Software related security elements

Since UNED developed its own software, and despite the urgency of the first weeks, was able to introduce several security elements from the very first version of AvEx:

  • Randomization of questions and answers: since exams are taken synchronously by the students of a single course, randomization impairs knowledge sharing.
  • Sequential access to questions: difficulting the accumulation of questions/answers and thus the capturing and sharing of them.
  • Disabilitation of certain software freedoms: impossibility to copy and paste text from the application hinders quick sharing of information.
  • Verification: UNED's own text matching engine, allowing for the automatic comparison of students' answers, both amongst them and with other texts either from the course material or from the internet. Coincidences can thus be highlighted and the course responsible can act upon them.
  • Random picture taking: during the test, students are required to allow access to their webcam, and photos are taken randomly.
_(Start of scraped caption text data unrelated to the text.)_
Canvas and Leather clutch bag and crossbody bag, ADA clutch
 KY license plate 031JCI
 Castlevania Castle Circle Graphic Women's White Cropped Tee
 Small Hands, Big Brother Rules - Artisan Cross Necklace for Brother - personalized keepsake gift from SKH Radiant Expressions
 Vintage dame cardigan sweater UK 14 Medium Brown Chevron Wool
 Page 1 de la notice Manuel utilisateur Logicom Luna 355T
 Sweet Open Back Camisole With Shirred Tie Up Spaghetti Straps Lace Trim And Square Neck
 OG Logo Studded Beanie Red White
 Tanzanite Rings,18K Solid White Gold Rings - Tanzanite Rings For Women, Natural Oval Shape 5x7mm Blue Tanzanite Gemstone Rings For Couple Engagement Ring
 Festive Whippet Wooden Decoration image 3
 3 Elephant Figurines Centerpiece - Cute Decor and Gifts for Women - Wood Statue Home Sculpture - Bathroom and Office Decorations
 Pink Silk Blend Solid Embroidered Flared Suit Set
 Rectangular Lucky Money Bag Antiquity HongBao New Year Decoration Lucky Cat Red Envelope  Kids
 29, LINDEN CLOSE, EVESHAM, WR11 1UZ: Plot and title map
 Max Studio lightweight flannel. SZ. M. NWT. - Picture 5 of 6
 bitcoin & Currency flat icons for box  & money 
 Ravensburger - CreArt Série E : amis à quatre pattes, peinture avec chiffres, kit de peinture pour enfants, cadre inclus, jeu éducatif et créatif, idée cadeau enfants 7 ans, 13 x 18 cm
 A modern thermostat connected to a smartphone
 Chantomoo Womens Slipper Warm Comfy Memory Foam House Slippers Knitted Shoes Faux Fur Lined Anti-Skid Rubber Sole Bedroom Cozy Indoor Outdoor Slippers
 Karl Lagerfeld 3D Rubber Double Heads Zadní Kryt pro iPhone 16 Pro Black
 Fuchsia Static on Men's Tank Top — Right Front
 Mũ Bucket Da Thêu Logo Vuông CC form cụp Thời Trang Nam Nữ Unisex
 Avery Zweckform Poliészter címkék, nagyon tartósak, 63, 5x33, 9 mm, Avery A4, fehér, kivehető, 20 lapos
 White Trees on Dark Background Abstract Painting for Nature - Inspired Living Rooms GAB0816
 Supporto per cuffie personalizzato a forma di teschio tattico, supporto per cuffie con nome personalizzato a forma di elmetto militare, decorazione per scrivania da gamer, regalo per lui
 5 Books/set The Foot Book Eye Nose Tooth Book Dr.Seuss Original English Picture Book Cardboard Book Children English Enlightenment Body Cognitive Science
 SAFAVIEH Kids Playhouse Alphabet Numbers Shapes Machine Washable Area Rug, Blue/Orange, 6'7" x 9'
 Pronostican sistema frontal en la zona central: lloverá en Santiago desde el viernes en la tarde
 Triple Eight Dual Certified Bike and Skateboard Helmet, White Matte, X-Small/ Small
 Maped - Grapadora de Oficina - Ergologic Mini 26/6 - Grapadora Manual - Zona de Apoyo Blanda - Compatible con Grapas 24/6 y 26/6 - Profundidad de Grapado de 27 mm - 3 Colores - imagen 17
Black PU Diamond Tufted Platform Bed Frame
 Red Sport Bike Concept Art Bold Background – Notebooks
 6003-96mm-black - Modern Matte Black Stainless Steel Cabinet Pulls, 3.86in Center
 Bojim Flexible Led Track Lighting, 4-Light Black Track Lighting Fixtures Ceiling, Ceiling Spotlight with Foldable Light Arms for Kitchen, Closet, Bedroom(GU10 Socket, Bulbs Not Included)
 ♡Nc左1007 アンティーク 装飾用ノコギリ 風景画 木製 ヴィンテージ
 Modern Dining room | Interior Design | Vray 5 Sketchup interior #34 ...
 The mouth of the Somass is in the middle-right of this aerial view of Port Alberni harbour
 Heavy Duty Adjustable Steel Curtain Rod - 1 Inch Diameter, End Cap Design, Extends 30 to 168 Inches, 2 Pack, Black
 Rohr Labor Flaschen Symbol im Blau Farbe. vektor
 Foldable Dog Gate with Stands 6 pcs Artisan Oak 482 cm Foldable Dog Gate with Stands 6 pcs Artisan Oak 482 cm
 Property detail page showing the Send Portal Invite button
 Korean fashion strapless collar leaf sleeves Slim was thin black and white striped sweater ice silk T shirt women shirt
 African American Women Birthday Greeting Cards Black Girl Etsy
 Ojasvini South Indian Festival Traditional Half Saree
These pictures are not automatically analysed, but they are attached to the exam and thus available for the course teams to verify authorship.
  • Remote assistance (under development): AvEx will allow bidirectional audio-visual communication between a student and a teacher in charge of the process. This communication can be used both for solving procedural questions and for verifying and preventing any unwanted behaviour.

Other security measures

The University put other exceptional measures in place to guarantee the fairness of the process. One example is a sworn declaration of authorship and of no violation of the regulations: Students are informed about the existing sanctioning system while an appeal to their individual responsibility is made. This signed document will be used in eventual legal processes. Another is a delayed interview: Students agree to the possibility that the course responsible fix an appointment with them, as a complement to the exam, in order to confirm the result of the evaluation.

Conclusion

It is important to consider the evaluation system as a whole: it is the decisive conjunction of the different aforementioned elements that helps fraud minimization. This way, we can guarantee rigour and quality of our evaluation, without the need of using overrated and problematic technologies in the process. The results of AvEx after five examination calls from June 2020, with a low number of issues recorded and a generally high student and teacher satisfaction, are encouraging and draw a clear path for the future.